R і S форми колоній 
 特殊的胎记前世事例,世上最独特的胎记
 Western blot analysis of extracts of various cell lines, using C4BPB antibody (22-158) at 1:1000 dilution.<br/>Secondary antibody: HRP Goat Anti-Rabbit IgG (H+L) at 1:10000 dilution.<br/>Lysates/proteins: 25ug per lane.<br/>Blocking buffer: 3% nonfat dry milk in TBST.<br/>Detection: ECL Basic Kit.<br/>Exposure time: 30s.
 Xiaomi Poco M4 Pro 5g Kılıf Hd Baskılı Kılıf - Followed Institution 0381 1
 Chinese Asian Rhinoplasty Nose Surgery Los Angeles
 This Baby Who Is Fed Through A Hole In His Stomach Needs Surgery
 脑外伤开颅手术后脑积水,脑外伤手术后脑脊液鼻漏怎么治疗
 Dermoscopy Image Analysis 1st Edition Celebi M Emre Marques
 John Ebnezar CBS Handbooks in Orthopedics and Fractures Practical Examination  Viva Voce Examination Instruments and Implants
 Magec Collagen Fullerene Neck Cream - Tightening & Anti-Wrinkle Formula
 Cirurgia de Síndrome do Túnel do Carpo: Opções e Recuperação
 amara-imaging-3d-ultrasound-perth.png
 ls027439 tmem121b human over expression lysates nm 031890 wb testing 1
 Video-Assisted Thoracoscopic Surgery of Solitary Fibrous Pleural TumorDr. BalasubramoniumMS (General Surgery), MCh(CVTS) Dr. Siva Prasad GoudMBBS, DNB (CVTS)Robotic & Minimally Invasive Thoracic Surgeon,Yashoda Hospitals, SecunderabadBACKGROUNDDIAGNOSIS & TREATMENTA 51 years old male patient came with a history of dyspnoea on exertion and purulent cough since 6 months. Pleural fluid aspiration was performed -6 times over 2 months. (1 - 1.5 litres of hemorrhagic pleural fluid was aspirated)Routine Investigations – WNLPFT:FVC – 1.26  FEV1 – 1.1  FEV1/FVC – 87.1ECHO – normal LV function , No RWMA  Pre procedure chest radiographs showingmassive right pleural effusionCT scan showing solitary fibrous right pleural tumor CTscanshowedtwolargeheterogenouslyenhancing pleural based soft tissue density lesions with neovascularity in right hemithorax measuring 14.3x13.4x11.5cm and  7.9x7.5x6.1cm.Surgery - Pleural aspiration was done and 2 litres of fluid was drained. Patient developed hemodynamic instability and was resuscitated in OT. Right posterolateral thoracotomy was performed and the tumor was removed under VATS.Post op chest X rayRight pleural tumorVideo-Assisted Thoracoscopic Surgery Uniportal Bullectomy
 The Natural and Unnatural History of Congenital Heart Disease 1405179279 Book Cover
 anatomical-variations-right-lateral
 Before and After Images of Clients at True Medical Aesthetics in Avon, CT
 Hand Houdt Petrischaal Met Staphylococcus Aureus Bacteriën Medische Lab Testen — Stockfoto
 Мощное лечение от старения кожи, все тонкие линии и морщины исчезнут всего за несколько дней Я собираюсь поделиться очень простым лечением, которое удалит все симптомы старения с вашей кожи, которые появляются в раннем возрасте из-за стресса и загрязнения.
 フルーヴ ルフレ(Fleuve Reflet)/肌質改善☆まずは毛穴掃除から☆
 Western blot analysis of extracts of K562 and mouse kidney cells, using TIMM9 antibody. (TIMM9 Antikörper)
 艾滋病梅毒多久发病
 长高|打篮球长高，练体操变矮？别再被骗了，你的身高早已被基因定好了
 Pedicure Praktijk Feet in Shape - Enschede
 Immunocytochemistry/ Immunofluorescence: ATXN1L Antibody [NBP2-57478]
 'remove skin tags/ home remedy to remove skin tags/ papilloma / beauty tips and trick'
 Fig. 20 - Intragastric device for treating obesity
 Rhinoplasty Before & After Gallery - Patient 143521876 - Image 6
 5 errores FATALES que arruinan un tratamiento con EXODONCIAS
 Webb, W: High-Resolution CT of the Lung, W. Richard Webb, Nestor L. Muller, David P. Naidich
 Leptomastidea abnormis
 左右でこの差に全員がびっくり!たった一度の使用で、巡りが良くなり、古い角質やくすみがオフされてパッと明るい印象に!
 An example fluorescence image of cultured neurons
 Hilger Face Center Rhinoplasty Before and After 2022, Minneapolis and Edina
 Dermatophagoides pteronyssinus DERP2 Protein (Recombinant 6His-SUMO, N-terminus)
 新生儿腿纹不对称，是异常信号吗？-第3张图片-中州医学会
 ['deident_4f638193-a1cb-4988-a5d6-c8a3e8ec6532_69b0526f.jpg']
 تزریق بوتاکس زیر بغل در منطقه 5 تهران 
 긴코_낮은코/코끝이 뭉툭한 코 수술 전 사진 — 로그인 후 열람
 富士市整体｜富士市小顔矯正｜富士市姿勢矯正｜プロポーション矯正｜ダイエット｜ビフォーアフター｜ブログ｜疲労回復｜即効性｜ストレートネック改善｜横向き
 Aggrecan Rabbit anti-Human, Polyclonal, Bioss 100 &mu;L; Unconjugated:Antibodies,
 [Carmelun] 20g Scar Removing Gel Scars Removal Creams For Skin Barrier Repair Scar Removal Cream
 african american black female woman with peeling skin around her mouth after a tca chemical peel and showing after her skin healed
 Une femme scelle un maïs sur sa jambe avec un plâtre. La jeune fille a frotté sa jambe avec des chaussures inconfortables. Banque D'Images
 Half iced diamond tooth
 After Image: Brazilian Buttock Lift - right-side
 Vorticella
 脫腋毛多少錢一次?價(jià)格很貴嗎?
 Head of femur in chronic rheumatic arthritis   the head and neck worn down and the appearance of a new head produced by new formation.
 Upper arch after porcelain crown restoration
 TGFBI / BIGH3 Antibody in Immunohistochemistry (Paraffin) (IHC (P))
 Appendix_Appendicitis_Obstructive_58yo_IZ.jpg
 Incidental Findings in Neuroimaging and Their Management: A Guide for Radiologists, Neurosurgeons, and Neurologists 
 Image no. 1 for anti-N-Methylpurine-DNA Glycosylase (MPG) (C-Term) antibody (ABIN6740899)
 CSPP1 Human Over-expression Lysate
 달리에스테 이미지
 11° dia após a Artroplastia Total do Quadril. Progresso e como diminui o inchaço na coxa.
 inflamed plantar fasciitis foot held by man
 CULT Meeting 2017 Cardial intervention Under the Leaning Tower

********

* _What you have to do_
Whenever a line in the records contains the word "Western", copy that line.

* _Finished exercise_
 Western blot analysis of extracts of various cell lines, using C4BPB antibody (22-158) at 1:1000 dilution.<br/>Secondary antibody: HRP Goat Anti-Rabbit IgG (H+L) at 1:10000 dilution.<br/>Lysates/proteins: 25ug per lane.<br/>Blocking buffer: 3% nonfat dry milk in TBST.<br/>Detection: ECL Basic Kit.<br/>Exposure time: 30s.
 Western blot analysis of extracts of K562 and mouse kidney cells, using TIMM9 antibody. (TIMM9 Antikörper)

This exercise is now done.